▶ [Source records]
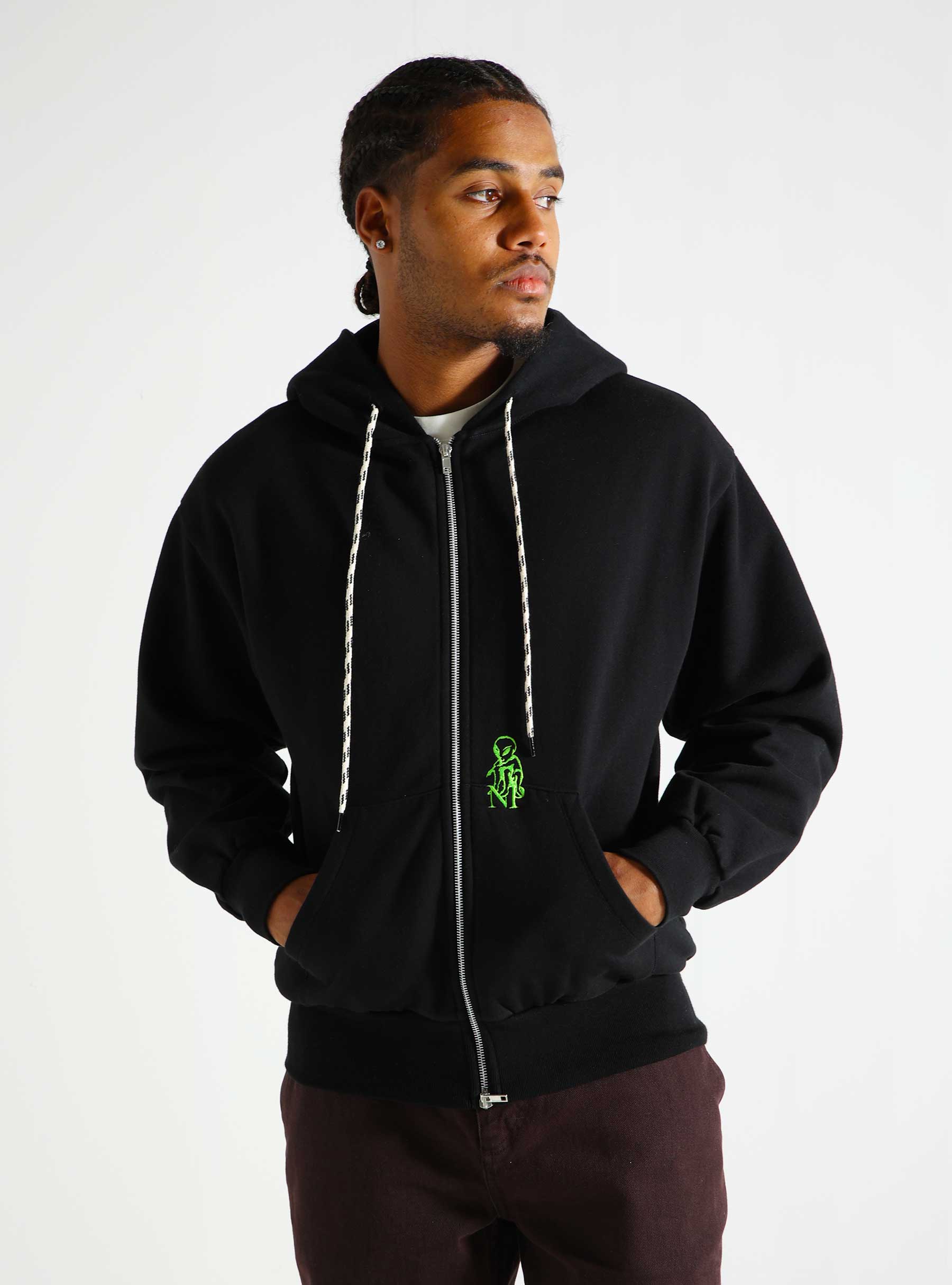 No Problemo Mini Alien Zip Through Hoodie Black NP20030.02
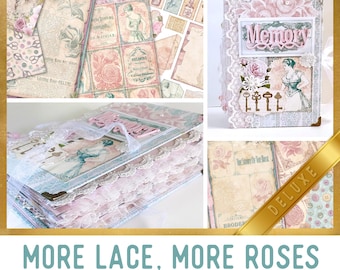 More Lace More Roses DELUXE Crafting Printables Kit, Roses Junk Journal, Embellishments, Printable Paper Pack, Craft Kits, Tutorial - 002697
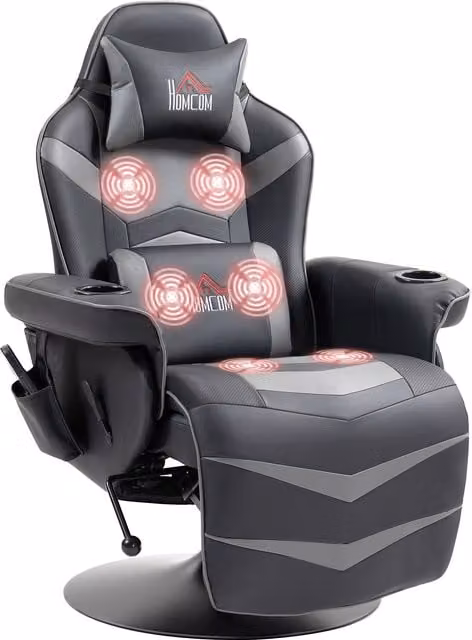 HOMCOM Grey PU Leather Massage Recliner Chair with Remote, 360 Degree Swivel Racing Style Armchair with Cup Holders and Lumbar Support – 1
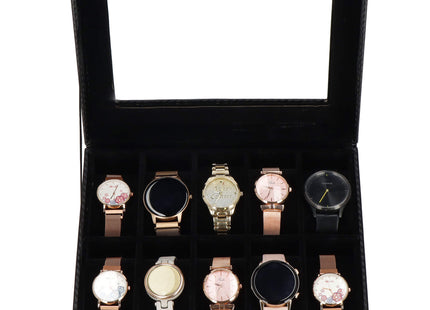 Horlogedoos - Horlogebox - Horlogeopberger  - Zwart - Goud - 10 Horloges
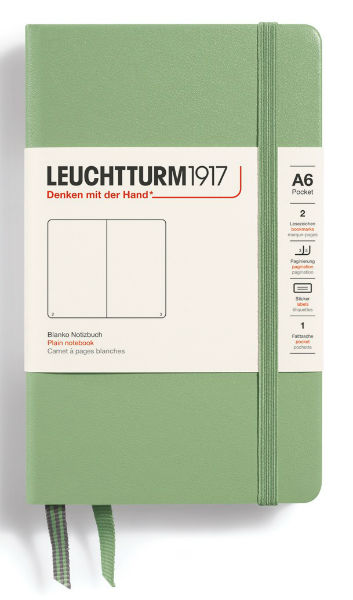Image de  Carnet Leuchtturm rigide A6 uni sauge 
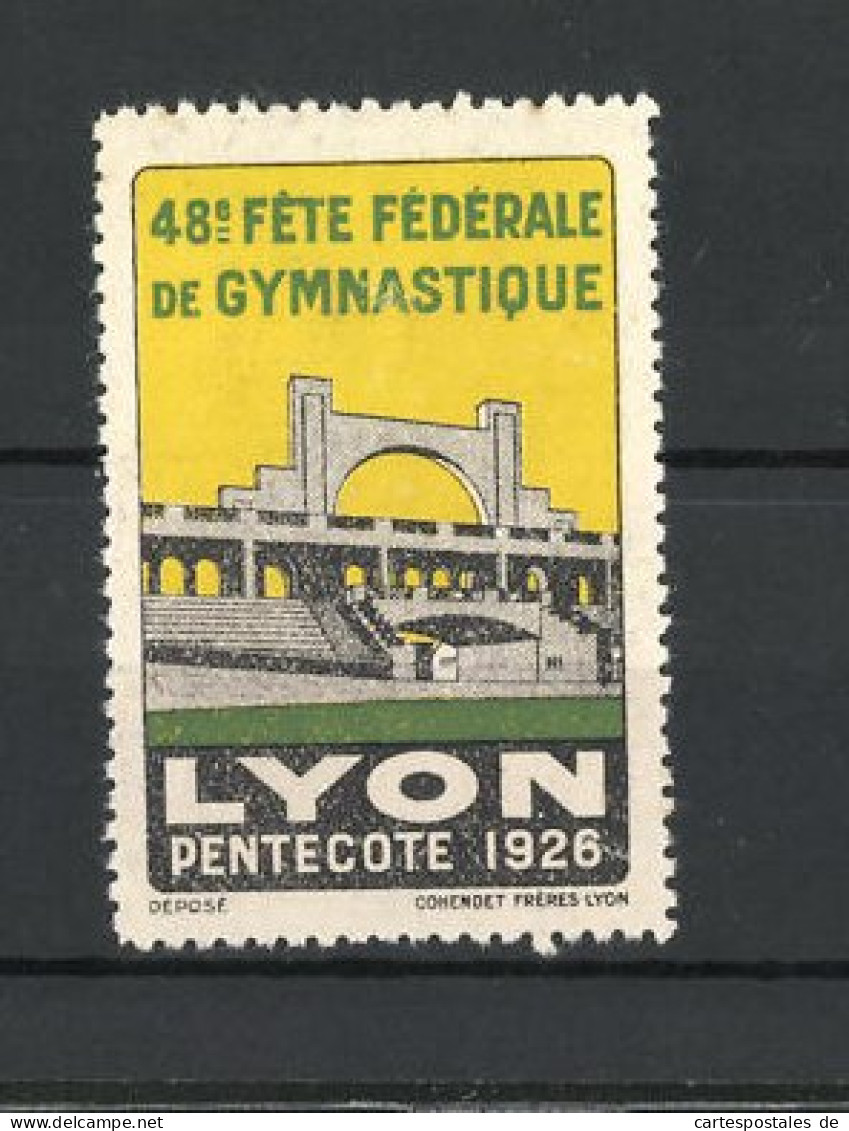 Reklamemarke Lyon, Pentecote 1926, 48. Fete Fèdèrale De Gymnastique, Stadion  - Cinderellas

▶ [Exercise requirements]
Give an exact copy of the listing above that leaves out every picture.

▶ [Solution to this exercise]
 No Problemo Mini Alien Zip Through Hoodie Black NP20030.02
 More Lace More Roses DELUXE Crafting Printables Kit, Roses Junk Journal, Embellishments, Printable Paper Pack, Craft Kits, Tutorial - 002697
 HOMCOM Grey PU Leather Massage Recliner Chair with Remote, 360 Degree Swivel Racing Style Armchair with Cup Holders and Lumbar Support – 1
 Horlogedoos - Horlogebox - Horlogeopberger  - Zwart - Goud - 10 Horloges
Image de  Carnet Leuchtturm rigide A6 uni sauge 
 Reklamemarke Lyon, Pentecote 1926, 48. Fete Fèdèrale De Gymnastique, Stadion  - Cinderellas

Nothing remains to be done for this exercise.